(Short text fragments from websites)
·····

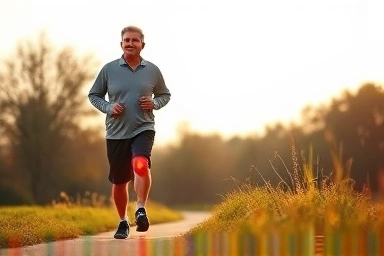 Active person in nature, knee pain relief, enhanced mobility.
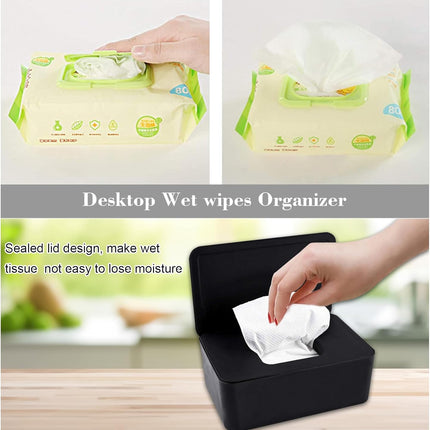 Wet Wipes Dispenser White 18x11x7cm Dustproof Multifunctional 1 Piece.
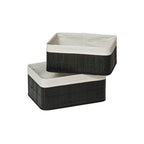 Set of Two Black Bamboo Storage Boxes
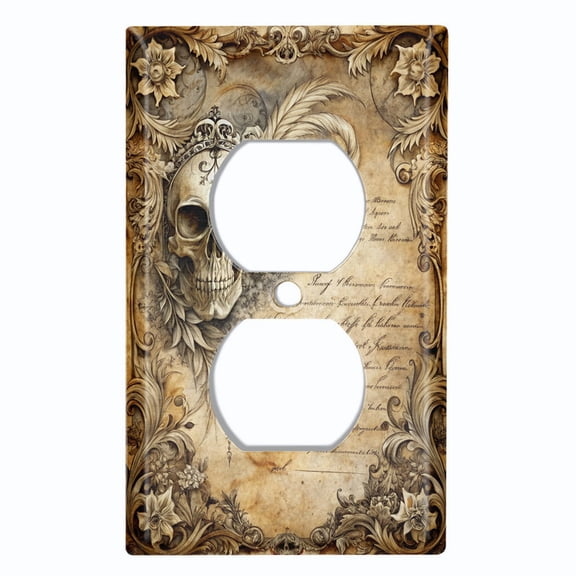 Metal Light Switch Wall Plate Outlet Cover (Gothic Skull and Script Motif - Single Duplex)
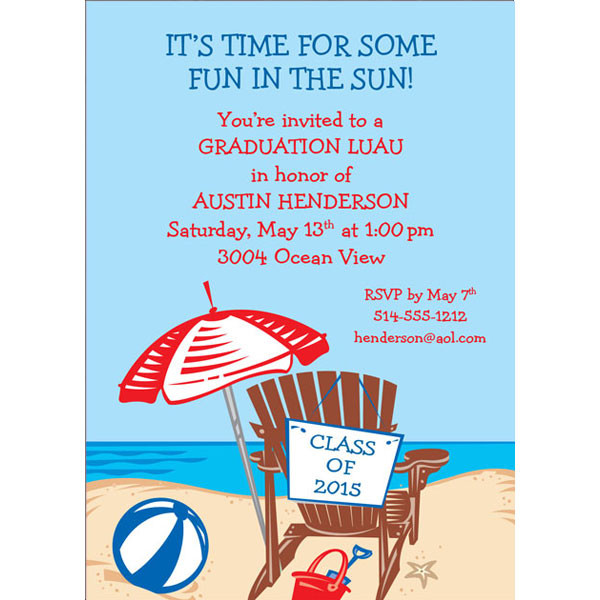 Adult Graduation Party Ideas Daytona Beach
 Luau Graduation Beach Invitation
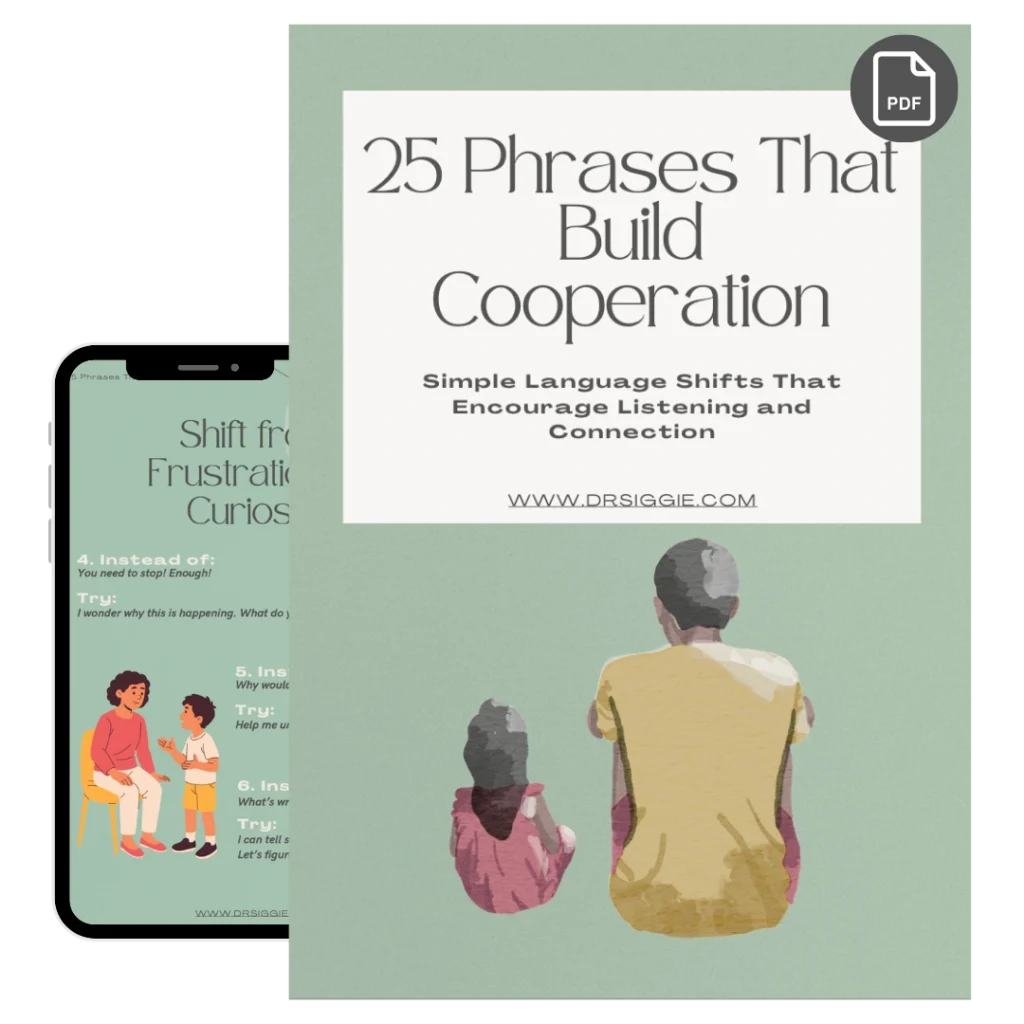 Free PDF download: 25 Phrases That Build Cooperation by Dr. Siggie Cohen, shown as a printed guide and mobile preview
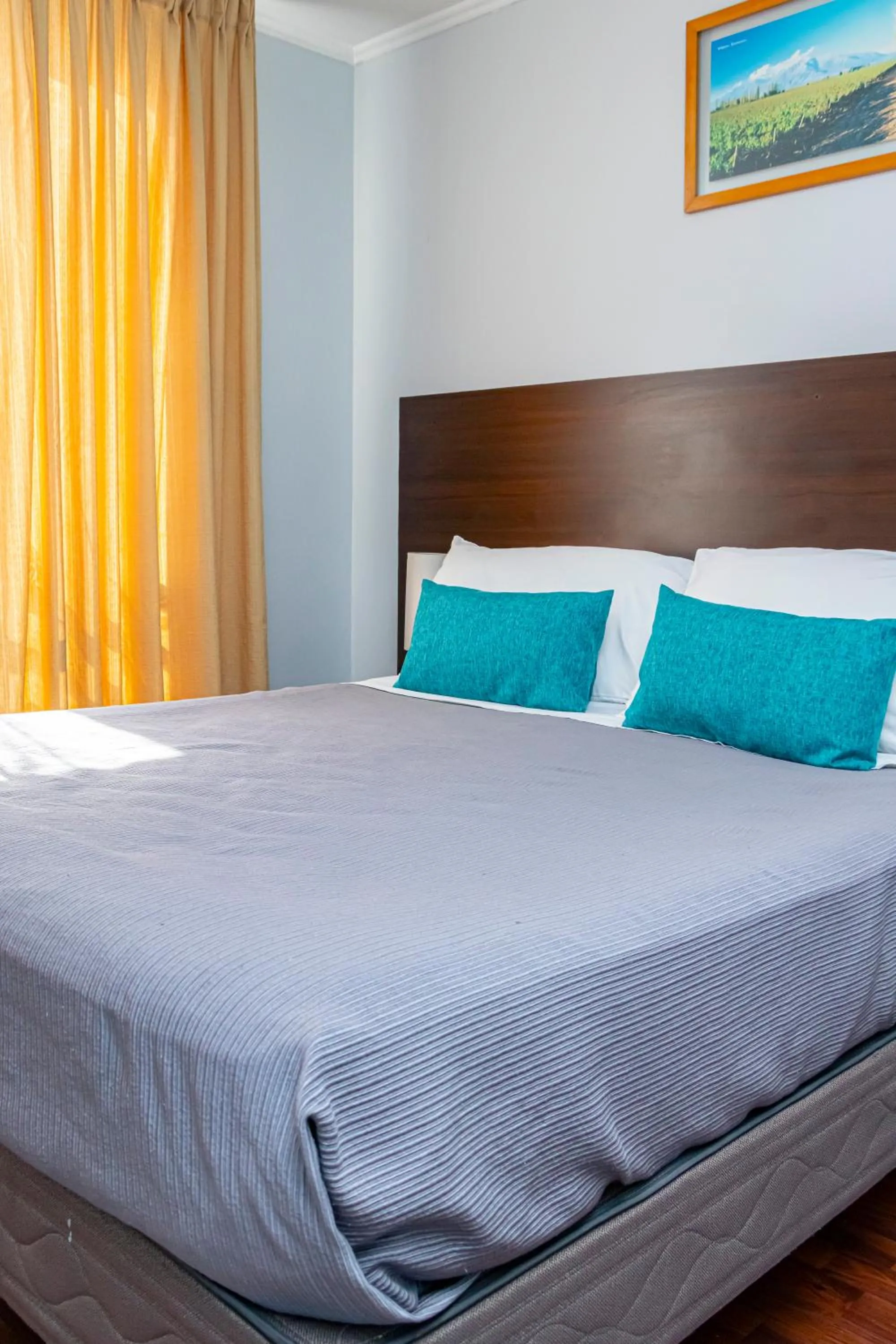 Bedroom, Bed in Departamentos Amoblados Torre Tagle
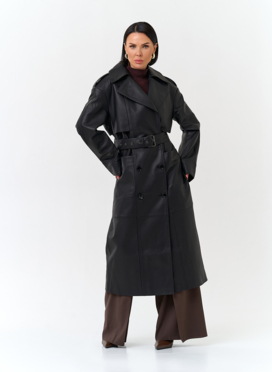 Женский плащ из натуральной кожи с поясом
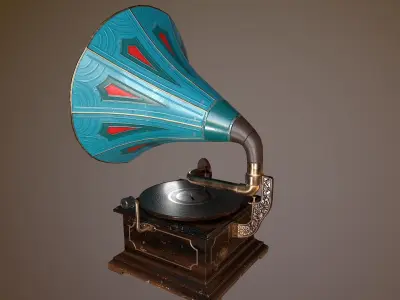 Gramophone LowPoly PBR GameReady Unity Unreal Low-poly 3D model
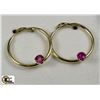 Image 1 : #115-14K YELLOW GOLD RUBY (0.18CT) HOOP EARRINGS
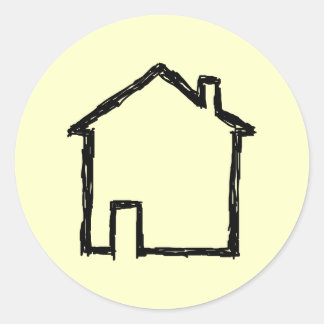 House Sketch. Black and Cream. Classic Round Sticker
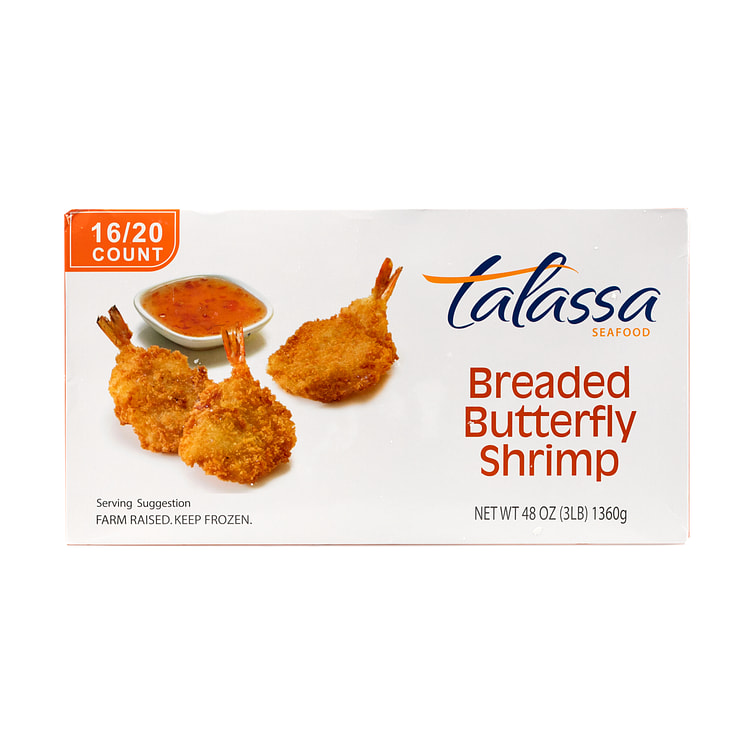 Camarões Empanados Borboleta Talassa , congelados 3 lb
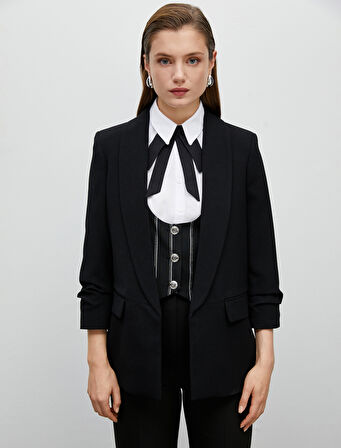 Basic Blazer Ceket Kapaklı Cepli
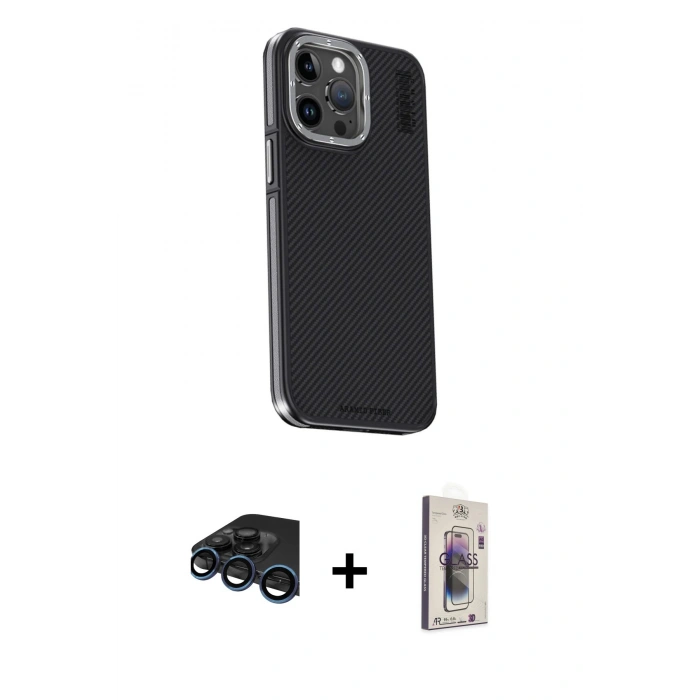 MARSİLYAN™- iPhone 15 Pro Max Kılıf Kıvılcım Modern Özel Seri - Siyah Bilvis 3D Cam Ekran Koruyucu + Raze Metal Kamera Lens - LT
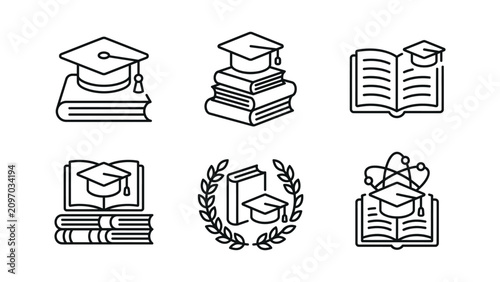 Graduation cap with books and open book line icons on a white background mortarboard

·····

- THE TASK
Begin at the top of the records above and retype each line exactly until the line containing "MARSİLYAN™- iPhone 15", which is included. Skip all pictures.

- PROBLEM SOLUTION
 Active person in nature, knee pain relief, enhanced mobility.
 Wet Wipes Dispenser White 18x11x7cm Dustproof Multifunctional 1 Piece.
 Set of Two Black Bamboo Storage Boxes
 Metal Light Switch Wall Plate Outlet Cover (Gothic Skull and Script Motif - Single Duplex)
 Adult Graduation Party Ideas Daytona Beach
 Luau Graduation Beach Invitation
 Free PDF download: 25 Phrases That Build Cooperation by Dr. Siggie Cohen, shown as a printed guide and mobile preview
 Bedroom, Bed in Departamentos Amoblados Torre Tagle
 Женский плащ из натуральной кожи с поясом
 Gramophone LowPoly PBR GameReady Unity Unreal Low-poly 3D model
 Image 1 : #115-14K YELLOW GOLD RUBY (0.18CT) HOOP EARRINGS
 House Sketch. Black and Cream. Classic Round Sticker
 Camarões Empanados Borboleta Talassa , congelados 3 lb
 Basic Blazer Ceket Kapaklı Cepli
 MARSİLYAN™- iPhone 15 Pro Max Kılıf Kıvılcım Modern Özel Seri - Siyah Bilvis 3D Cam Ekran Koruyucu + Raze Metal Kamera Lens - LT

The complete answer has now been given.